How to train the model?

Before getting into the details of the model, I would discuss how models are trained for a task like Semantic Image Synthesis.

The core idea behind the model training is a GAN. Why GAN is needed? Because whenever we want to generate something that looks photorealistic or more technically closer to the output images, we have to use GANs.

So for GAN we need three things 1) Generator 2) Discriminator 3) Loss Function. For the Generator, we need to input some random values. Now you can either take random normal values. But if you want your output image to resemble some other image i.e. take the style of some image and add it your output image, you will also need an image encoder which would provide the mean and variance values for the random Gaussian distribution.

For the loss function, we would use the loss function used in pix2pixHD paper with some modifications. Also, I would discuss this technique where we extract features from the VGG model and then compute loss function (perceptual loss).

SPADE

This is the basic block that we would use.

How to resize segmentation map?

Every pixel value in your seg map corresponds to a class and you cannot introduce new pixel values. When we use the defaults in various libraries for resizing, we do some form of interpolation like linear, which can change up the pixel values and result in values that were not there before. To solve this problem, whenever you have to resize your segmentation map use ‘nearest’ as the upsampling or downsampling method.

How we use it? Consider some layer in your model, you want to add the information from the segmentation map to the output of that layer. That will be done using SPADE.

SPADE first resizes your seg map to match the size of the features and then we apply a conv layer to the resized seg map to extract the features.

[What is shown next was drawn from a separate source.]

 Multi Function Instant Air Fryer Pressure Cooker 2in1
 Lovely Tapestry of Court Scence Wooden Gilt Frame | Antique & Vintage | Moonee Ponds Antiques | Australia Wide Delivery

To normalize our feature map, we first normalize our feature map using BatchNorm and then denormalize using the values we get from the seg map.

class SPADE(Module):
    def __init__(self, args, k):
        super().__init__()
        num_filters = args.spade_filter
        kernel_size = args.spade_kernel
        self.conv = spectral_norm(Conv2d(1, num_filters, kernel_size=(kernel_size, kernel_size), padding=1))
        self.conv_gamma = spectral_norm(Conv2d(num_filters, k, kernel_size=(kernel_size, kernel_size), padding=1))
        self.conv_beta = spectral_norm(Conv2d(num_filters, k, kernel_size=(kernel_size, kernel_size), padding=1))

    def forward(self, x, seg):
        N, C, H, W = x.size()

        sum_channel = torch.sum(x.reshape(N, C, H*W), dim=-1)
        mean = sum_channel / (N*H*W)
        std = torch.sqrt((sum_channel**2 - mean**2) / (N*H*W))

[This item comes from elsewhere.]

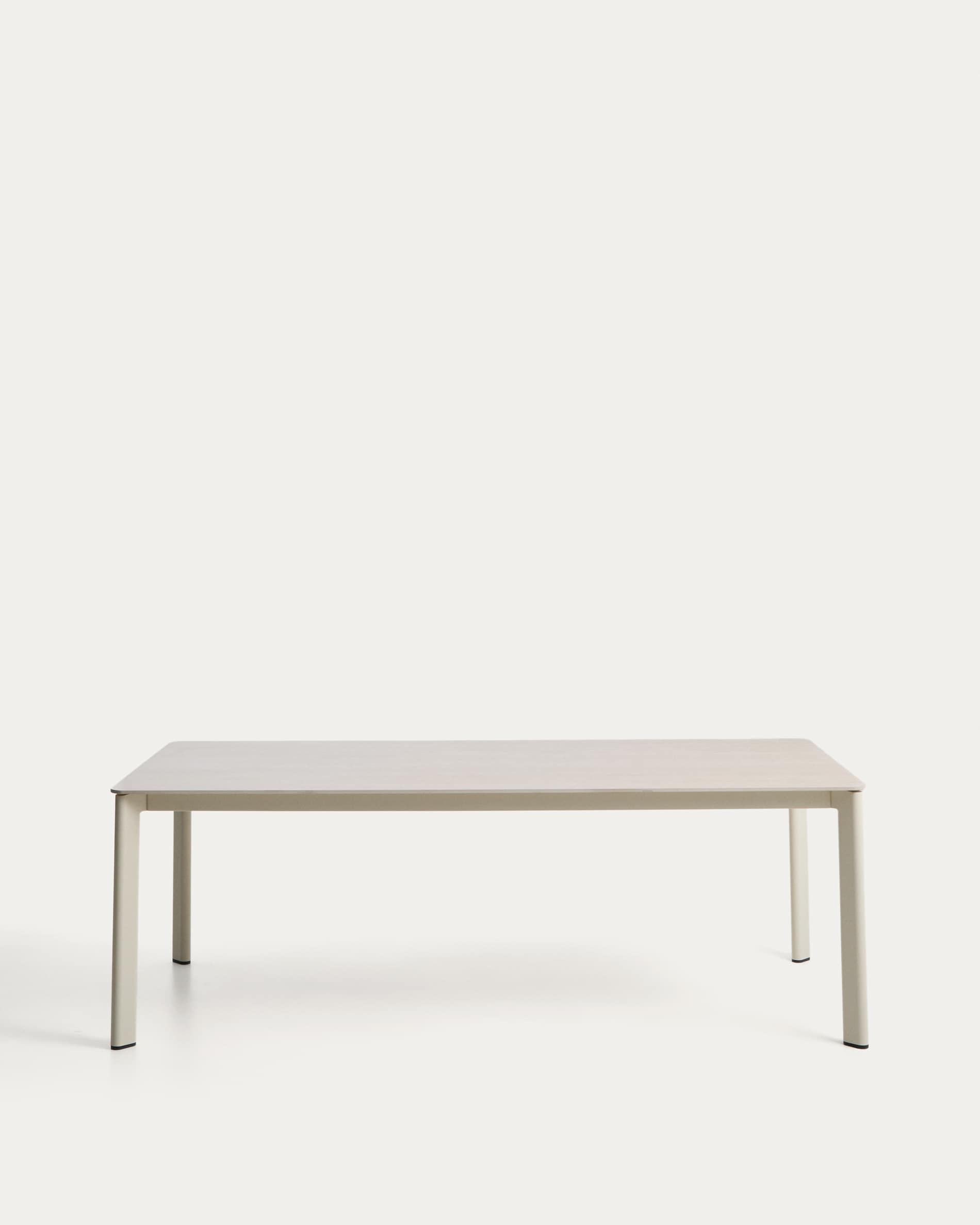 Mesa Anafi de piedra sinterizada y aluminio ecru 220 x 100 cm
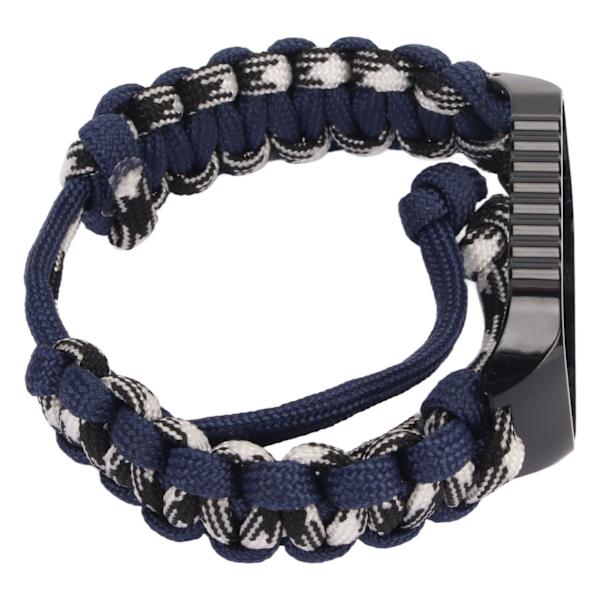 Paracord Watch Band Watch Protector Fodral 2 i 1 Kompatibel för Redmi Band 2 Smartwatch Marinblå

        mean = torch.unsqueeze(torch.unsqueeze(mean, -1), -1)
        std = torch.unsqueeze(torch.unsqueeze(std, -1), -1)
        x = (x - mean) / std

        seg = F.interpolate(seg, size=(H,W), mode='nearest')
        seg = relu(self.conv(seg))
        seg_gamma = self.conv_gamma(seg)
        seg_beta = self.conv_beta(seg)

        x = torch.matmul(seg_gamma, x) + seg_beta

        return x

SPADERes Block

Just like Resnet where we combine conv layers into a ResNet Block, we combine SPADE into a SPADEResBlk.

The idea is simple we are just extending the ResNet block. The skip-connection is important as it allows for training of deeper networks and we do not have to suffer from problems of vanishing gradients.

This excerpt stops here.